*Aim of the exercise*:
Across all the entries, how many lines hold "metal"? Answer with that number and nothing else.
[Opening Material for the task section]
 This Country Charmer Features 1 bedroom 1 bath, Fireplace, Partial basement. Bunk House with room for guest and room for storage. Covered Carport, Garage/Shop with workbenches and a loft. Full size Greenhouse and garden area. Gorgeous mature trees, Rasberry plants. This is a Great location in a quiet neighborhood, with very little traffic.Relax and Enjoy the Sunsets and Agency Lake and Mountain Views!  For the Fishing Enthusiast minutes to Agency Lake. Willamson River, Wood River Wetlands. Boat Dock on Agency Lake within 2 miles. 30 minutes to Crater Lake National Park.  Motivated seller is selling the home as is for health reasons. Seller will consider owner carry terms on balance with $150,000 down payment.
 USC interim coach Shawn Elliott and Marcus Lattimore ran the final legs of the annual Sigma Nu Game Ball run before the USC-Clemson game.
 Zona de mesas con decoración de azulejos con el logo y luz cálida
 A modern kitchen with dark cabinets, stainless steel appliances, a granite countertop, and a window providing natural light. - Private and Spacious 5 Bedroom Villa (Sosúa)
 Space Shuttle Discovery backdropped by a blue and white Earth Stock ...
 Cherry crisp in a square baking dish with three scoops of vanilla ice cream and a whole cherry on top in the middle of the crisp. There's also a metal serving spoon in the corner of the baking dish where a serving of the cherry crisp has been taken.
[Closing Material for the task section]
[Opening Material for the task section]
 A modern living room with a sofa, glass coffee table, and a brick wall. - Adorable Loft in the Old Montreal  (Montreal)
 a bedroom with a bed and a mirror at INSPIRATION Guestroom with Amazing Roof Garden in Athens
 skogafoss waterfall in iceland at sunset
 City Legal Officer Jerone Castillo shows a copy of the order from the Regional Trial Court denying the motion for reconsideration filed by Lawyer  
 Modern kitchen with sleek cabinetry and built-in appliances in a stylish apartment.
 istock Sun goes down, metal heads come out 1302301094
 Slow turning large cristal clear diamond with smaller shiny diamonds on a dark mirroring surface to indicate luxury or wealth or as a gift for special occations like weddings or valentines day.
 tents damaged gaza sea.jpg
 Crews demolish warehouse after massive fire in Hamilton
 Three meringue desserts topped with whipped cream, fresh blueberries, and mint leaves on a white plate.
[Closing Material for the task section]
*Response to the exercise*:
2